Ein Firmenparkplatz ist mehr als Abstellfläche. Sein Layout, die Zugänglichkeit und die Vergabegerechtigkeit entscheiden direkt darüber, ob er Kosten produziert oder Zufriedenheit, Sicherheit und einen guten ersten Eindruck liefert.
Wer auf dem Firmengelände parkt, erwartet kurze Wege zum Eingang, klare Beschilderung und ausreichend Beleuchtung. Gerade in Unternehmen mit Schichtbetrieb oder wechselnden Öffnungszeiten ist barrierefreier Zugang unverzichtbar. Sicherheitskameras und deutlich sichtbare Markierungen erhöhen das Sicherheitsgefühl. Und für Besucher gilt: Was sie auf dem Parkplatz erleben, prägt den ersten Eindruck vom Unternehmen, noch bevor sie die Eingangstür öffnen.
Warum leer stehende Stellplätze bares Geld kosten
Jeder Stellplatz verursacht im laufenden Betrieb rund 350 Euro pro Jahr, ohne Bau- oder Mietkosten einzurechnen. In städtischen Lagen liegt der Marktmietwert noch deutlich höher: Für einen Tiefgaragenstellplatz im Frankfurter Bankenviertel werden laut ADAC bis zu 290 Euro pro Monat fällig. Stehen Flächen leer statt genutzt zu werden, verbrennt das Unternehmen Geld ohne jeden Gegenwert.

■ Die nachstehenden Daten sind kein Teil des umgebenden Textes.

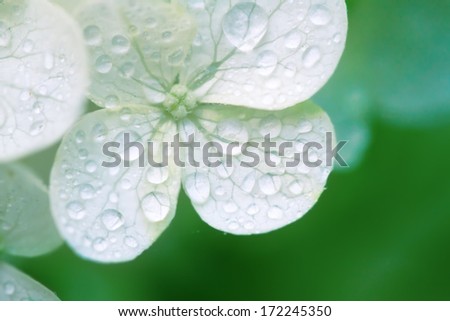 close-up of white hydrangea flowers with dew drops, for texture or background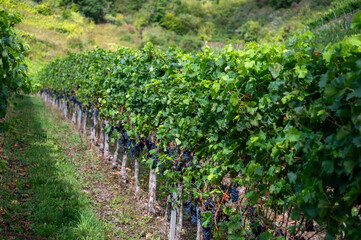 Vineyards with ripe blue Pinot noir Spatburgunder grapes, rows of plants, harvest time in Calmont...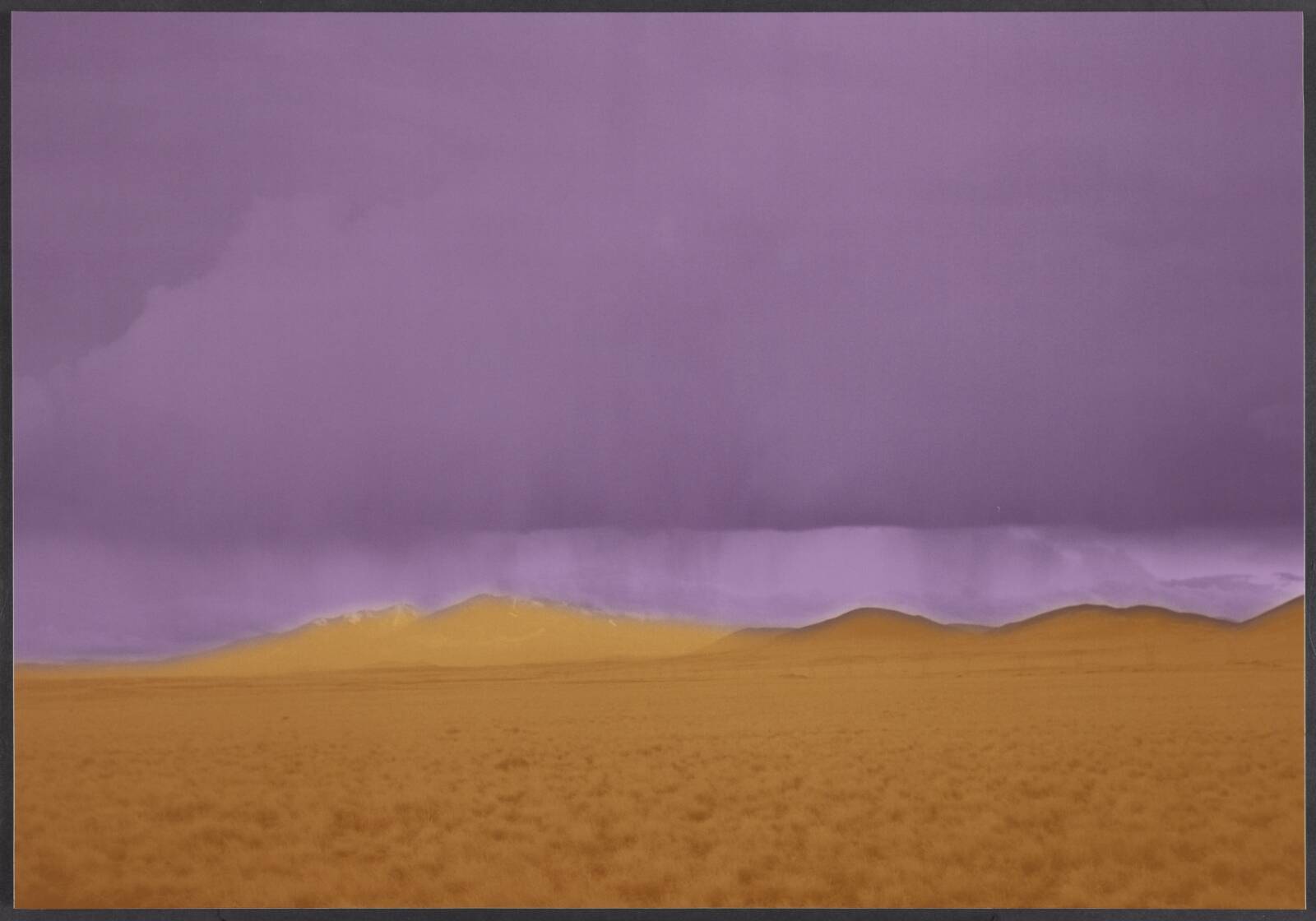 Arizona, Erik Steffensen, 2001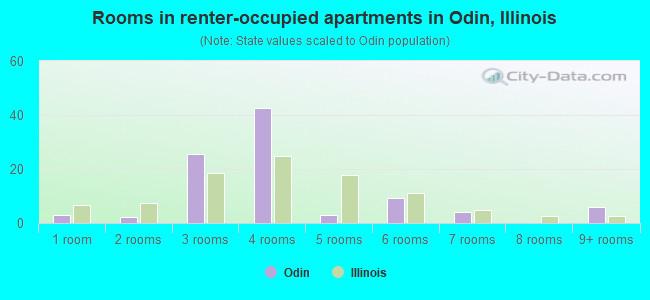 Rooms in renter-occupied apartments in Odin, Illinois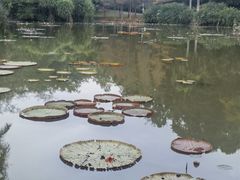 -中国科学院西双版纳热带植物园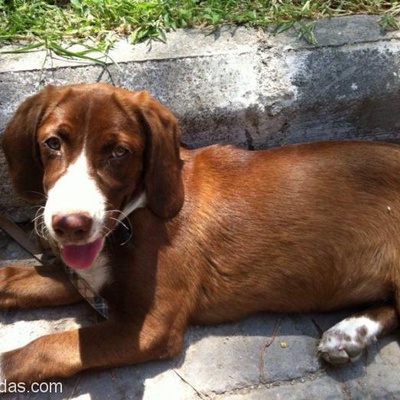 Hastane Bahçesine Bırakılan Sevimli Köpek Yuva Arıyor, İzmir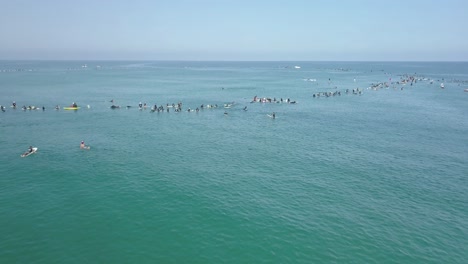 large group of surfers in the ocean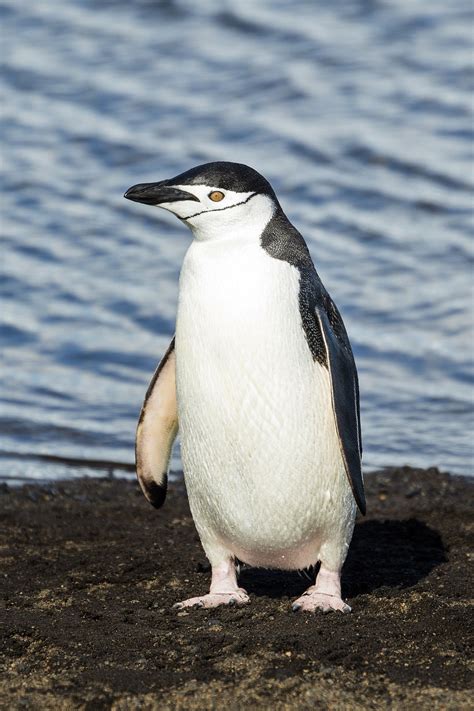 penguin wikipedia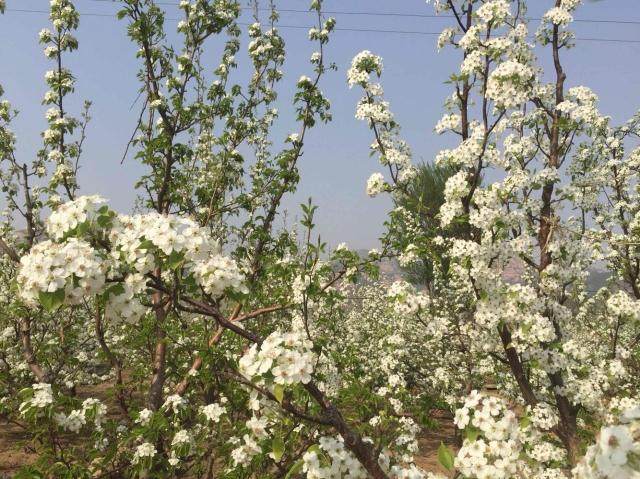 东北特产新鲜有机多汁海城南果梨南国梨产地直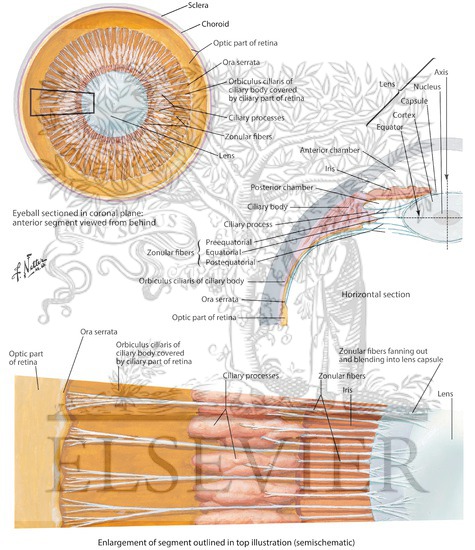 Watermarked preview of labeled image: Lens and Supporting Structures 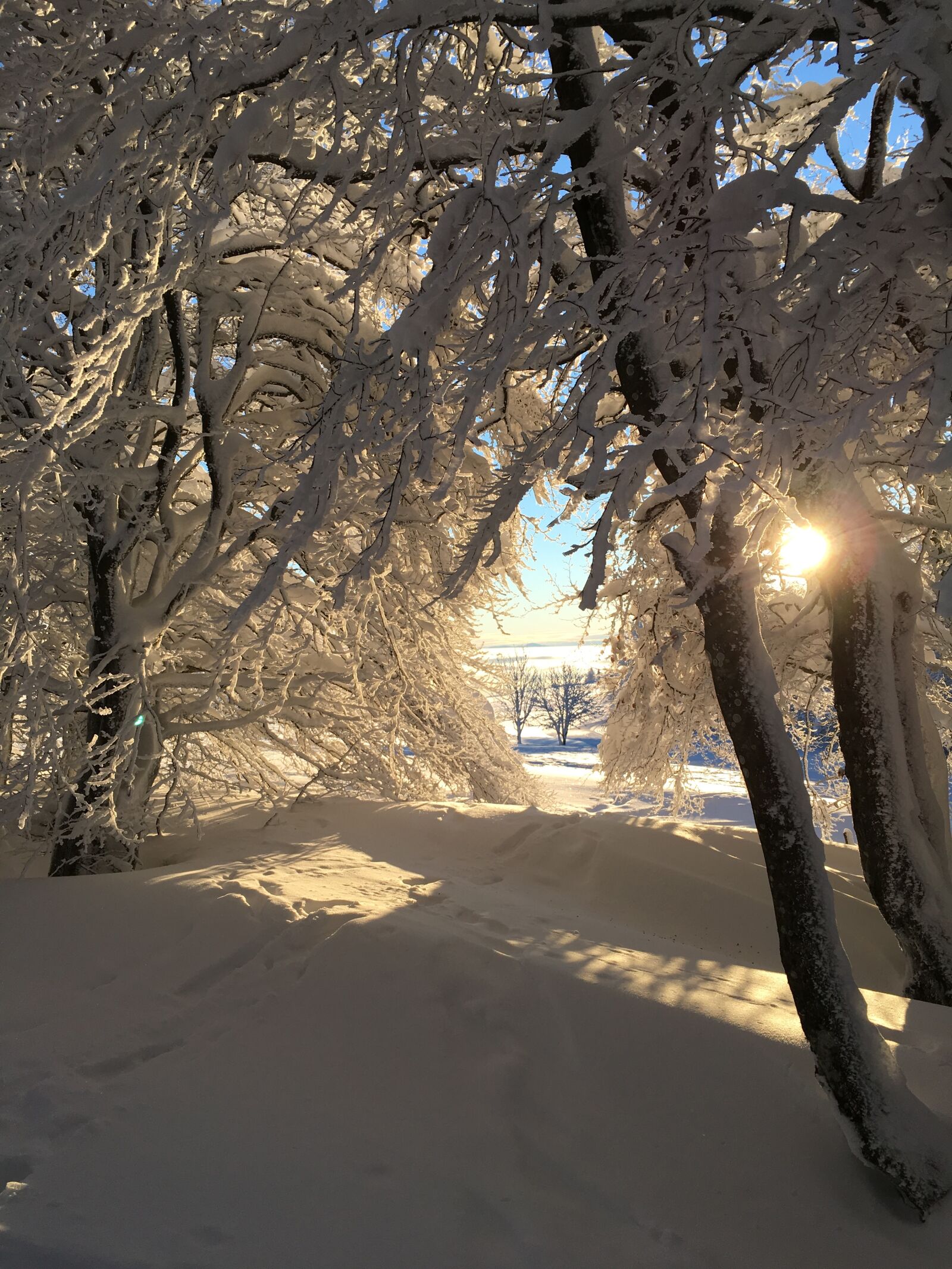 Apple iPhone 6s sample photo. Winter, snow, forest photography
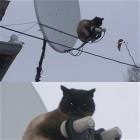 Your Signal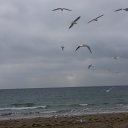 ���� �������, ���������, 57 ��� - ��������� 20 ������ 2018 � ������ ���� ����������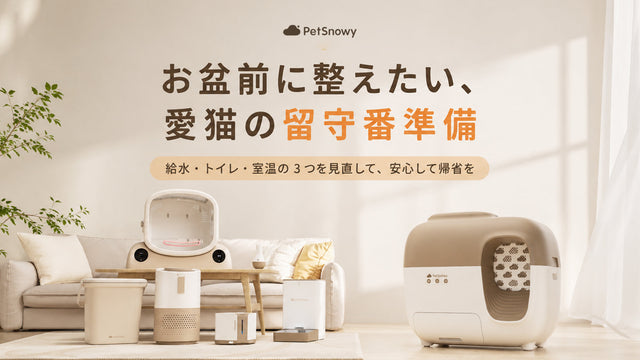 夏休み・お盆の帰省、愛猫のお留守番はどう準備する？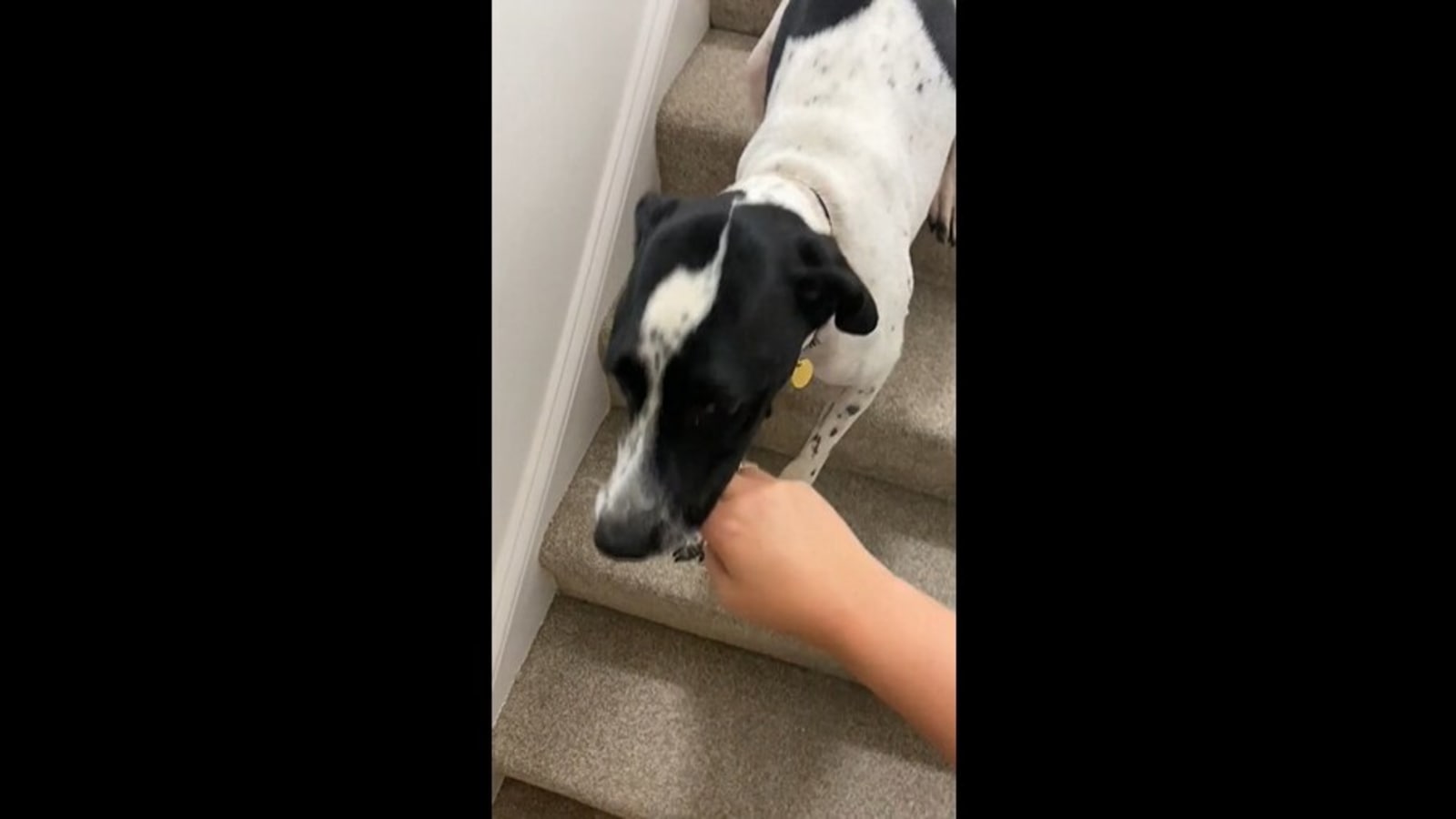 Watch how this dog walks human to office in this adorable video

Hinzu kommt das Potenzial der Untervermietung. Gerade in innersstädtischen Lagen können ungenutzte Stellplätze an Wochenenden oder außerhalb der Geschäftszeiten an Dritte vermietet werden. Das schafft zusätzliche Einnahmen, ohne neue Flächen zu erschließen. Welche versteckten Kosten ein Leerstand im Facility Management wirklich hat, zeigt unser ausführlicher Beitrag dazu.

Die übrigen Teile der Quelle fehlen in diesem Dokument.